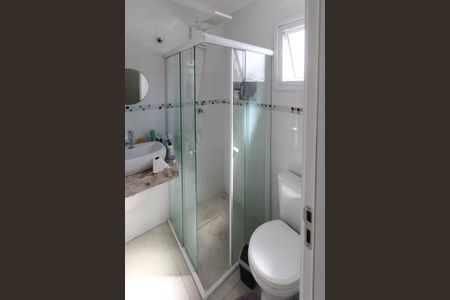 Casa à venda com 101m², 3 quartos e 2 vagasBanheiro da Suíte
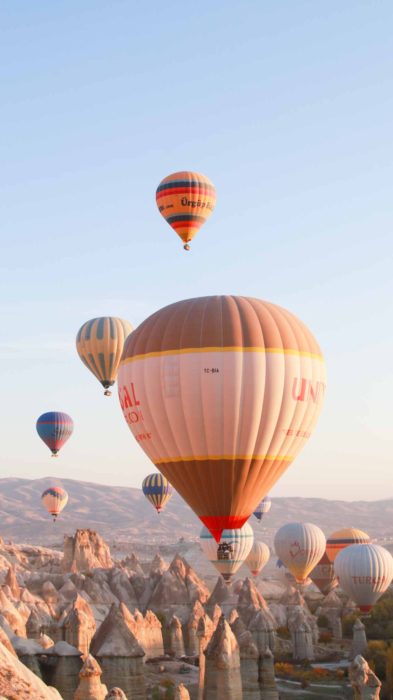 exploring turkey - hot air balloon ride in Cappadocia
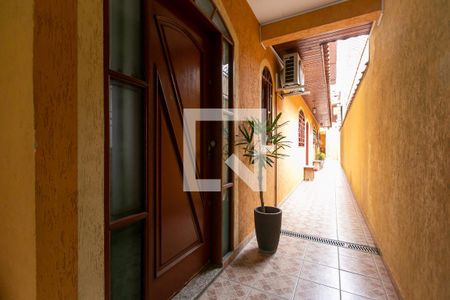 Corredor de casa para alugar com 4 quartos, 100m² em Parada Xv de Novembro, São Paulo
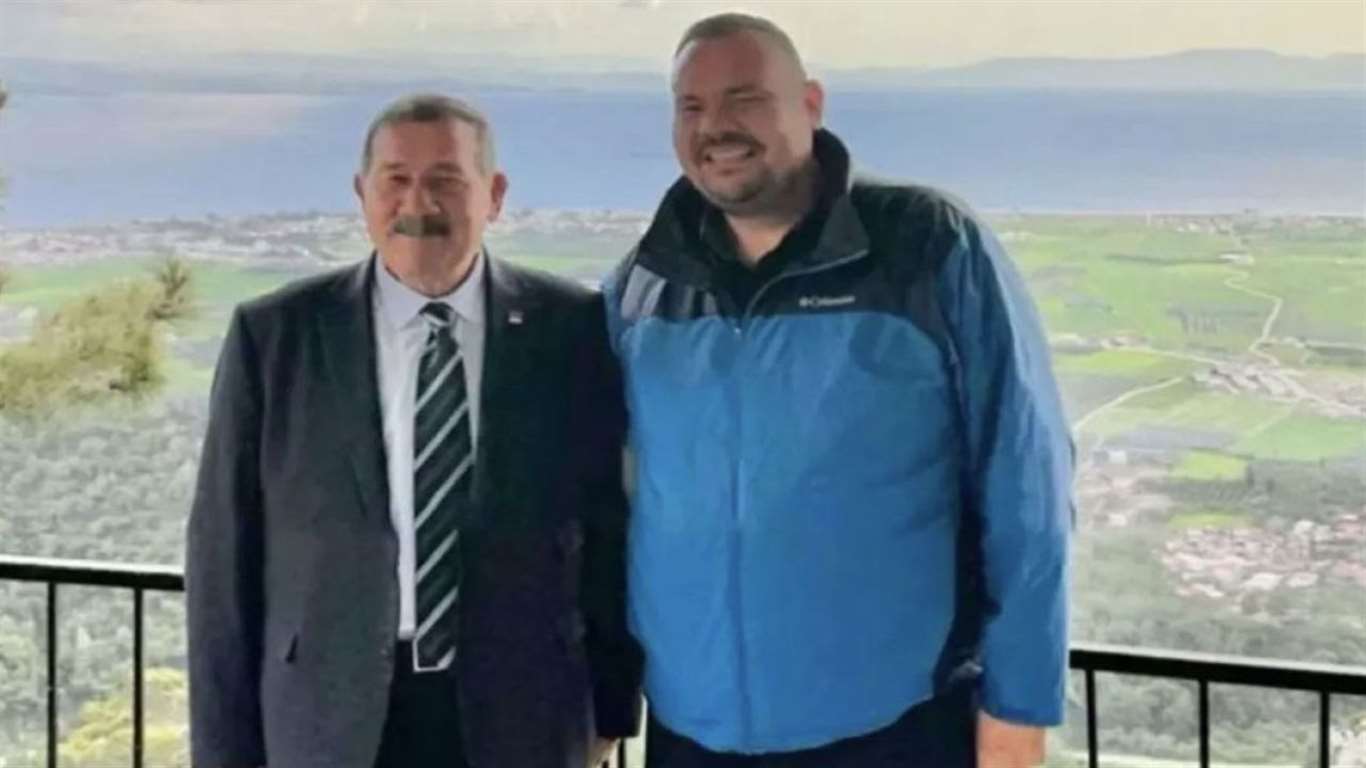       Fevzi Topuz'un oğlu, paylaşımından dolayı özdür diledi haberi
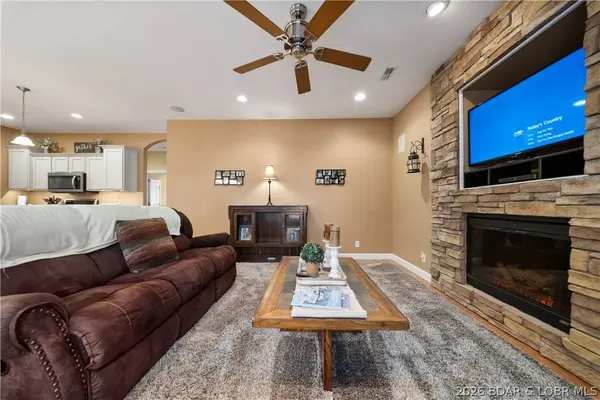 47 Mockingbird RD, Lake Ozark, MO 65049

++++

### WHAT YOU ARE ASKED TO DO
Output the full listing above exactly, excluding all pictures.

### ANSWER SPACE
 Casa à venda com 101m², 3 quartos e 2 vagasBanheiro da Suíte
 exploring turkey - hot air balloon ride in Cappadocia
 Corredor de casa para alugar com 4 quartos, 100m² em Parada Xv de Novembro, São Paulo
       Fevzi Topuz'un oğlu, paylaşımından dolayı özdür diledi haberi
 47 Mockingbird RD, Lake Ozark, MO 65049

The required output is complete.